LESS MEAT, AND PARK THE CAR
We – humanity – have 12 years to change our lifestyle in unprecedented ways if we are to avoid catastrophic climate change – and changes include eating less meat and abandoning our cars. So says the United Nations’ recently-released Intergovernmental Panel on Climate Change (IPCC) report, which warns that 2030 is the point-of-no-return for us to adopt changes that will help to avoid a plague of droughts, heavy flooding, extreme heat and poverty.
On our current trajectory, says the 400-page report, earth is likely to warm by 3°C. We need to cut that to around 1.5°C – as outlined in the Paris Agreement earlier this year.
Scientists believe the effects of climate change – and these effects include droughts on one end of the spectrum to rising seas on the other – will be less extreme if temperature rises are curbed at 1.5°C above pre-industrial levels.
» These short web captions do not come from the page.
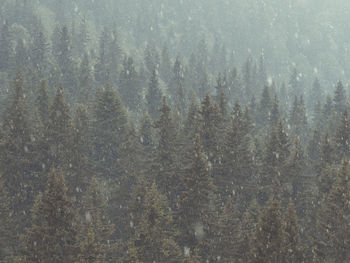 Close-up of tree in forest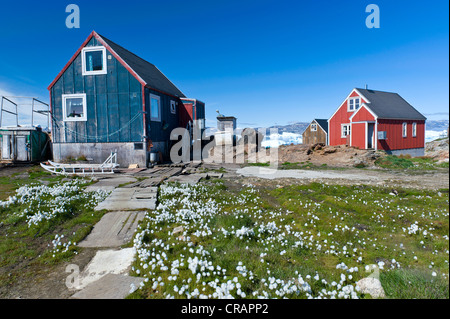 Inuit Häuser und Wollgras, Inuit-Siedlung von Tiniteqilaaq, Sermilik Fjord, Ostgrönland, Grönland Stockfoto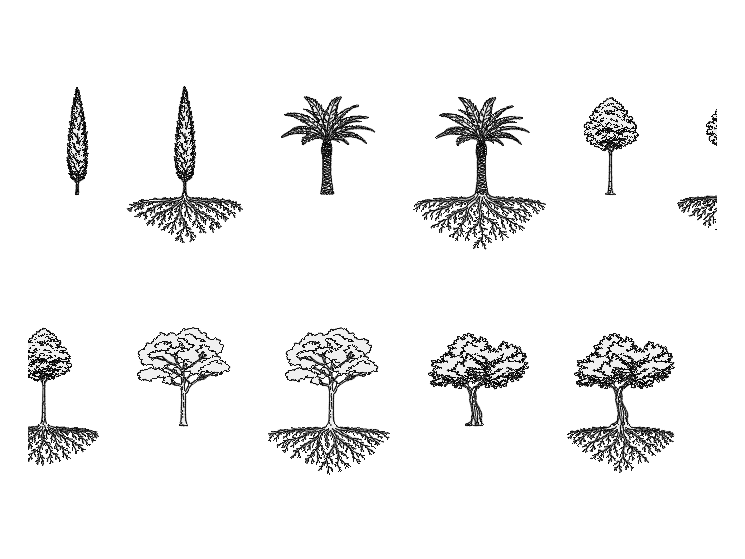 Trees in Elevation — AutoCAD Blocks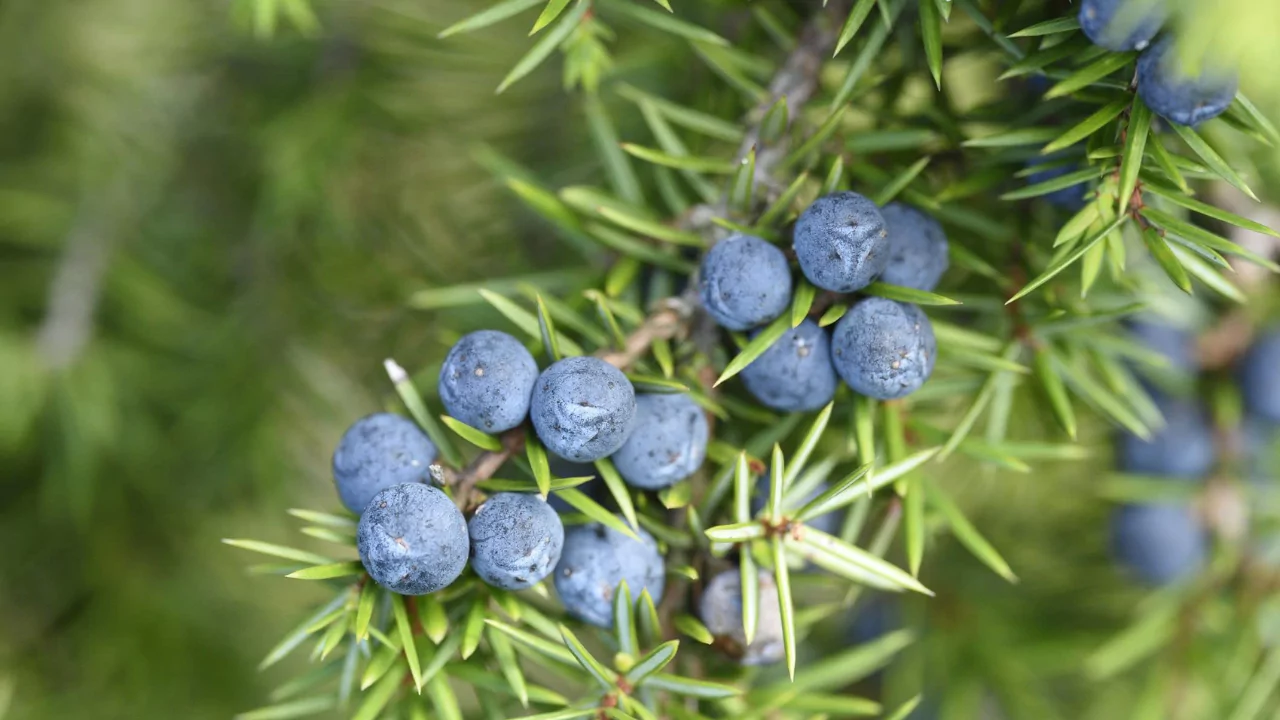 Juniper Berry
Greenhouse gas emissions were stable prior to the Industrial Revolution – the climate has warmed by 1°C since the mid-1800s.
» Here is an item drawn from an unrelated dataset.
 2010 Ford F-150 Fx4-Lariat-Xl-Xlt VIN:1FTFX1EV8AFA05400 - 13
Some 6,000 scientific works were referenced in the IPCC report, and its specific recommendations include:
• Global CO² emissions must fall 45% by 2030
• The use of coal needs to decline from 38% to nearly zero by 2050. This will require shutting down hundreds of coal-fired power stations
• Renewables should provide 85% of global electricity by 2050
• We need to change our diet: eating meat creates more CO² than vegetables
• The planet needs major reforestation to absorb CO2 from the atmosphere
• We’ll have to start storing carbon underground, a process called BECCS (bioenergy and carbon capture and storage)
Apart from the inconvenience, says the IPCC report, these changes will come with a cost: limiting global warming to 1.5°C has an annual price tag of around $3.6 trillion over the next two decades.
Says Jim Skea, a co-chair of the working group on mitigation: “We have presented governments with pretty hard choices. We have pointed out the enormous benefits of keeping [temperature rises] to 1.5°C, and also the unprecedented shift in energy systems and transport that would be needed to achieve that. We show it can be done within laws of physics and chemistry. Then the final tick box is political will. We cannot answer that. Only our audience can – and that is the governments that receive it.”